Mexican Food in Brussels

While my pictures didn't turn out the night of my visit to Los Ponchos,
this is the typical dry (style) burrito available there.
 You know, it's the cry of every American, somewhere around week four of arriving in Brussels, to complain about the absolute lack of Mexican restaurants in Brussels (Chi-Chi's does not count, not ever). For some reason Tex-mex, and Mexican food has not broke into the culinary scene in Brussels (which probably would be a huge hit considering the durum popularity). Of course protecting the sacredness of this beloved genre from Belgians could be a good thing. I visited a Mexican restaurant in Krakow Poland one time that served cabbage-like coleslaw as the lettuce. I can honestly say it was the worst burrito I've ever had in my life. I know what you're saying, "why eat Mexican in Poland?" Yeah, yeah, I know that now.

Not sure what Latino-Mex is nor why you would name a restaurant after
a "jacket". Yes, that's right, it's a Mexican restaurant called "the jackets".
There are a few places in Brussels though to get your hankering for the south-of-the-border taste. At home there's Mexi-Go, order mid-week and they'll even deliver it to your door. Some of my friends clamor about it, though I wonder why you wouldn't just go to Carrefour and make it yourself if you're going to go to all that trouble. I forget that sometimes, people don't know how, or don't want to cook. Another Mexican restaurant is near the ULB called El Cafe, and operates as part bar, part restaurant. But let's say you want a sit-down restaurant, without the chaos or the lack of convenience that self-preparation takes. Then you'll want to visit Los Ponchos. It's a bit hard to find, but just feet from near trams 92, 81 and 83 (Jansen).

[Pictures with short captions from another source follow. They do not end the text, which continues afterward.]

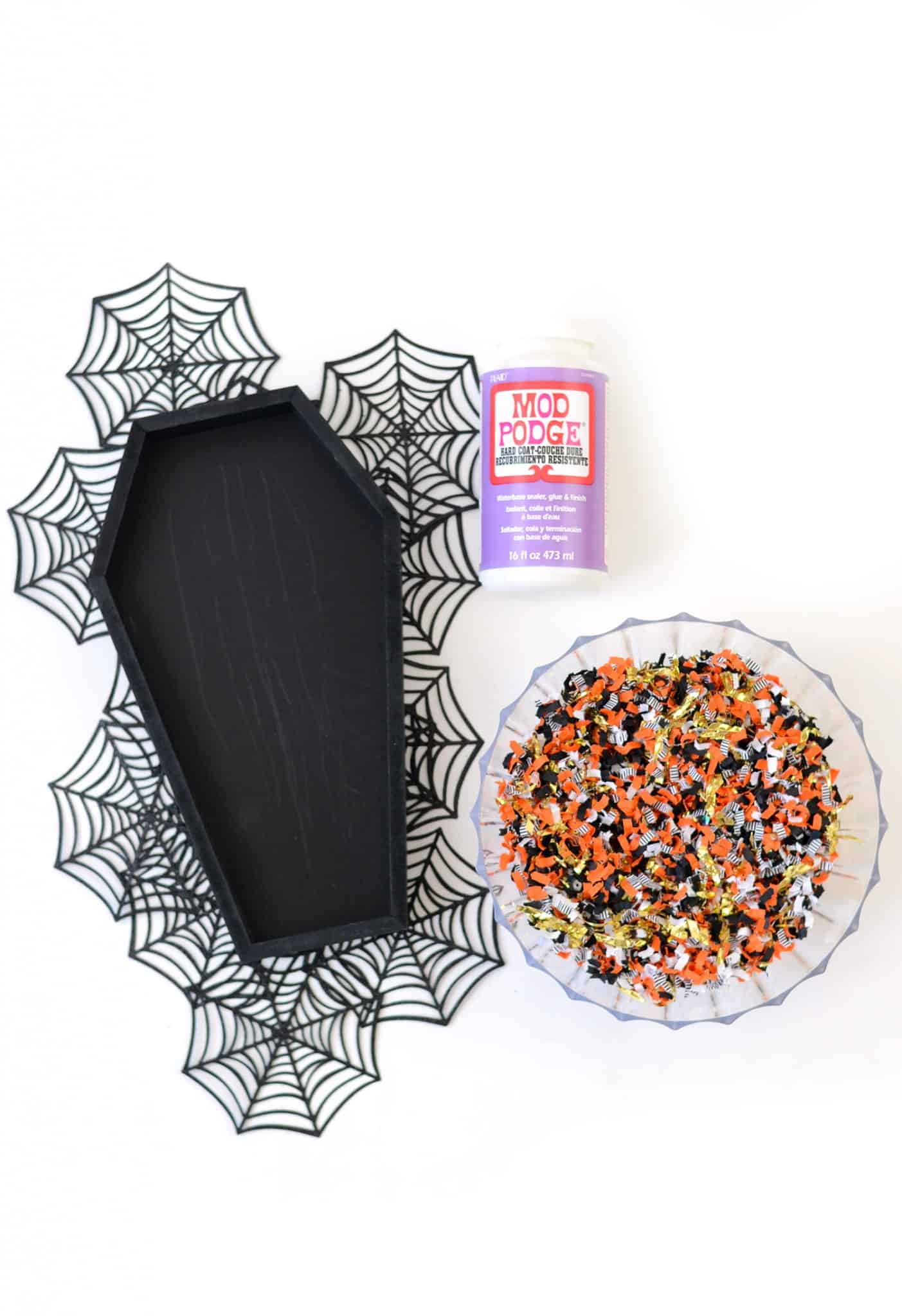 Black wood coffin tray, Mod Podge, and Halloween confetti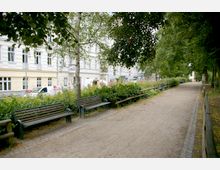 Ein kleiner Parkweg mit Bänken auf beiden Seiten, umgeben von Bäumen und Sträuchern. Im Hintergrund sind mehrstöckige Altbaugebäude mit weißen Fassaden und einige parkende Autos zu sehen.
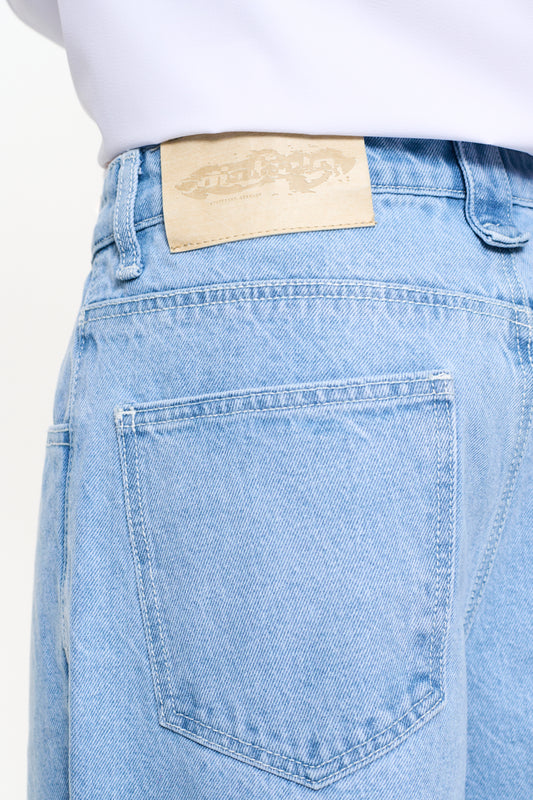 Person wears CC Blue Denim Pants Baggy with offset waistband, 5 pockets,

I should also mention it's expensive: fifteen Euro or more for a burrito, not including drink. Doing the math puts this dinner in the range of some much finer restaurants in town, but when you just have to have Mexican, and considering the lack-there-of, you're going to pay for the luxury.

In the future, all restaurants could be like Los Ponchos.
Is it good?  Yes, but don't expect U.S. style Mexican food (if there even is such a thing [ex. Moe's, Chipotle]). Partially because I cook Tex-Mex on a regular basis (I'm doing it tonight in fact), I can tell you, the burrito I had (a ground-beef and cheese burrito) could never compare to most places in the U.S. or my kitchen. In fact it tastes, oddly enough, just like Taco Bell. This in fact may appeal to you if you're longing for that style of ground-beef Americanized Mexican. In fact I'm not complaining, because indeed, I love Taco Bell. I just never would ever confuse it with real Mexican food, or imagine I'd find myself in a fancy sit-down restaurant in Bruxelles eating it, served by a Francophone Belgian. It rather reminded me of the scene in Demolition Man when they inform Stallone's character that all restaurants of the future are Taco Bells. Even the plating, the decorated squiggles of salsa and sparse toppings seem to have come directly out of the movie. I mean it's a beautiful, slightly baked, darn fine, basic burrito. If they'd put in a window and sell them for half the price they'd have queues around the block. Till that time, this elusive insider's secret to Brussels remains the sad addiction of misplaced Americans who want a little spice of home, away from home, and have the money to afford it.


  1. Thanks, I was curious about this place. I guess I will stick with the diy flour tortillas, frijoles negros, and my own beef tacos using onglet aka hanger steak. Have you found jalapenos yet?